Write out only the lines from the line containing "Tervis NFL Seattle" to the end of the listing below, both included, exactly as they stand. Drop the pictures.

INFORMATION PROVIDED:
------------------------------------------------
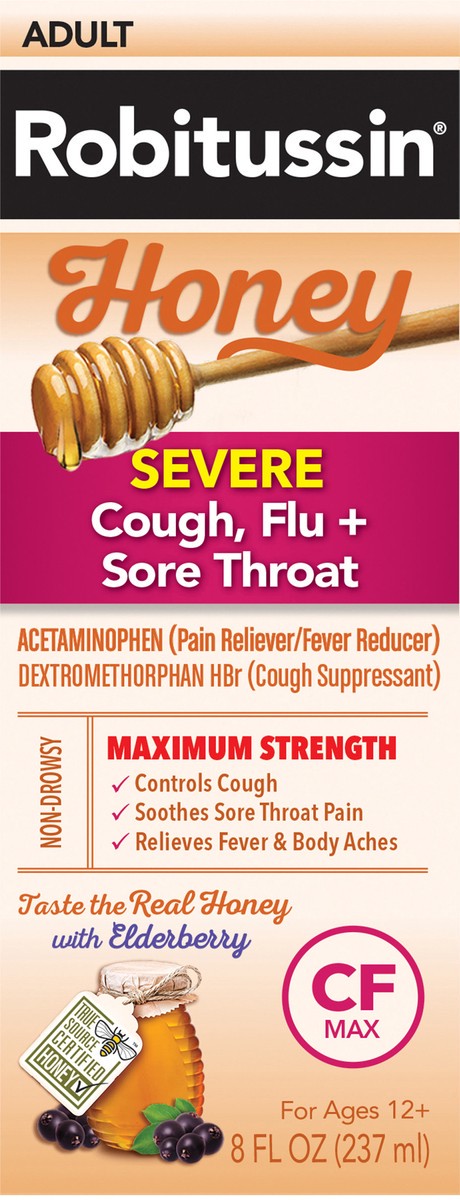 slide 6 of 9, Robitussin Honey CF Max Day Adult Syrup for Severe Cough, Sore Throat, & Flu with Real Honey, 8 oz, 8 oz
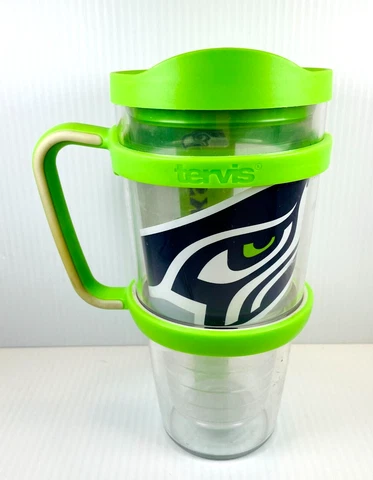 Tervis NFL Seattle Seahawks 24oz Cup w/ Lid & Handle - Excellent Condition Cover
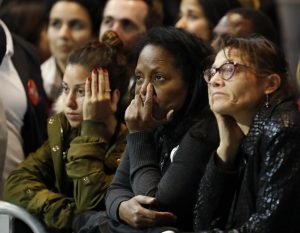 Supporters of Hillary Clinton react at her election night rally in Manhattan. REUTERS/Lucas Jackson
------------------------------------------------
EXERCISE ANSWER:
 Tervis NFL Seattle Seahawks 24oz Cup w/ Lid & Handle - Excellent Condition Cover
 Supporters of Hillary Clinton react at her election night rally in Manhattan. REUTERS/Lucas Jackson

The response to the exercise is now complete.